Try it:
Pull out every line with the word "Sets" from the entries below.

Data excerpts:
-=-=-=-=-

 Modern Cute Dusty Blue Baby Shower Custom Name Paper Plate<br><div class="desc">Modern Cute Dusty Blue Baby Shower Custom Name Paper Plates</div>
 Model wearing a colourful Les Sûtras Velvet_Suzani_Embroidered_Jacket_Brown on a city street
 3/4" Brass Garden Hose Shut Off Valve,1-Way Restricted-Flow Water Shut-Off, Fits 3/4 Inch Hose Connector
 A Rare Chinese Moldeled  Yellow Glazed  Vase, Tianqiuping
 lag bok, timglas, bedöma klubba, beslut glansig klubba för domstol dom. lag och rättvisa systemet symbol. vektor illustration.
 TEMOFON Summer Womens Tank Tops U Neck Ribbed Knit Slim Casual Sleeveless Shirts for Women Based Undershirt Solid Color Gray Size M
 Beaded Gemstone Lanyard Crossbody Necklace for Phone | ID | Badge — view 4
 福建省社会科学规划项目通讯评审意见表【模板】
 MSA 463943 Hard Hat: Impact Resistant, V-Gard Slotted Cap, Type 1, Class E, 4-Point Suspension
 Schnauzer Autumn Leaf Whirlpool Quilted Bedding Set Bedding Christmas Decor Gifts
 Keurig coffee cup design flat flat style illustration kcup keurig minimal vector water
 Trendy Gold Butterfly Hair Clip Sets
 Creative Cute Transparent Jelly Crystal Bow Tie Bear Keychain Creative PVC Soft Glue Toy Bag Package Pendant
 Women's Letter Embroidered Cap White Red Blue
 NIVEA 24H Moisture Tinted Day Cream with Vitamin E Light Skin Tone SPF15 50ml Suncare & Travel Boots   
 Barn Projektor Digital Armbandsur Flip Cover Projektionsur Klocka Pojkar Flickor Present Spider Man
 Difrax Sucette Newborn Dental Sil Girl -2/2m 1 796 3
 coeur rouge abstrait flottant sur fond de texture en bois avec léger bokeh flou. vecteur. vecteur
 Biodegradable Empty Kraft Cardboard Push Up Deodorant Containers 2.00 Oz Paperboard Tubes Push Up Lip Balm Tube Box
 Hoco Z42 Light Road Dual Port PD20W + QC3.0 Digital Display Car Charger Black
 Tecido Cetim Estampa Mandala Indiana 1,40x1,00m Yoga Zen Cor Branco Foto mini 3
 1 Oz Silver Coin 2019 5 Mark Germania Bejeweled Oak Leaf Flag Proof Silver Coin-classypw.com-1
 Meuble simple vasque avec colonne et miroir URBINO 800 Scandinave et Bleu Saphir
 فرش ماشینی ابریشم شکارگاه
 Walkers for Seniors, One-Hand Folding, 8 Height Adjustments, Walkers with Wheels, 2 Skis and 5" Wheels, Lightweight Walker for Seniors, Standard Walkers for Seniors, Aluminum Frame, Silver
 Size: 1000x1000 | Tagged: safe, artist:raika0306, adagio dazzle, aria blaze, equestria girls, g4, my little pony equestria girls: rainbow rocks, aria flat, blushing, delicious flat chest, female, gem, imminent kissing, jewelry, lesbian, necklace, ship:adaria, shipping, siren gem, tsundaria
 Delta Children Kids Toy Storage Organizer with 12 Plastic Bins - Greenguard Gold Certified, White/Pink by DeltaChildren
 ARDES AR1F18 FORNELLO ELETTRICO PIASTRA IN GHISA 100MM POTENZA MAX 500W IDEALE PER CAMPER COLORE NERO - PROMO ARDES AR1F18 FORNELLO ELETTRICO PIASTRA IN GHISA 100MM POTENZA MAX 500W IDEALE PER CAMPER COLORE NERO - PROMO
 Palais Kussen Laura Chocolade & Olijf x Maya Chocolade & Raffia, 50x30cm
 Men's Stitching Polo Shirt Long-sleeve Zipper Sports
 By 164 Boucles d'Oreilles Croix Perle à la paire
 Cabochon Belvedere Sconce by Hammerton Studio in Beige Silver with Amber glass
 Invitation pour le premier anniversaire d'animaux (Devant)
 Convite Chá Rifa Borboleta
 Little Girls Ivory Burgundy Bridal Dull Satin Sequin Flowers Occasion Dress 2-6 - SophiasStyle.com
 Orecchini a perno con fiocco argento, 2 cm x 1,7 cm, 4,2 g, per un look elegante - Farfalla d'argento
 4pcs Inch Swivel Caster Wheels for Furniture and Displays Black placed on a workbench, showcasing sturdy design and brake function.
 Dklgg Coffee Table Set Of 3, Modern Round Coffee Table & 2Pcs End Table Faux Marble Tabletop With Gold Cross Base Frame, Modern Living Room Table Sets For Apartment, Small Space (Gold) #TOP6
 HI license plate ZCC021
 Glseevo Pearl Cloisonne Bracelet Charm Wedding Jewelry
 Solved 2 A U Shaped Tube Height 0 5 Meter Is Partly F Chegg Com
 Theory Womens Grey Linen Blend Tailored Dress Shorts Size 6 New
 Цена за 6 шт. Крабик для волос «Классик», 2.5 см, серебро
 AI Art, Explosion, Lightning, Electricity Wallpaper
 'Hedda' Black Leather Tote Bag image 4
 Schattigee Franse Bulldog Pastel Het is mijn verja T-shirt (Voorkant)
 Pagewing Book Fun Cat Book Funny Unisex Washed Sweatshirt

-=-=-=-=-

Reply to the exercise:
 Trendy Gold Butterfly Hair Clip Sets
 Dklgg Coffee Table Set Of 3, Modern Round Coffee Table & 2Pcs End Table Faux Marble Tabletop With Gold Cross Base Frame, Modern Living Room Table Sets For Apartment, Small Space (Gold) #TOP6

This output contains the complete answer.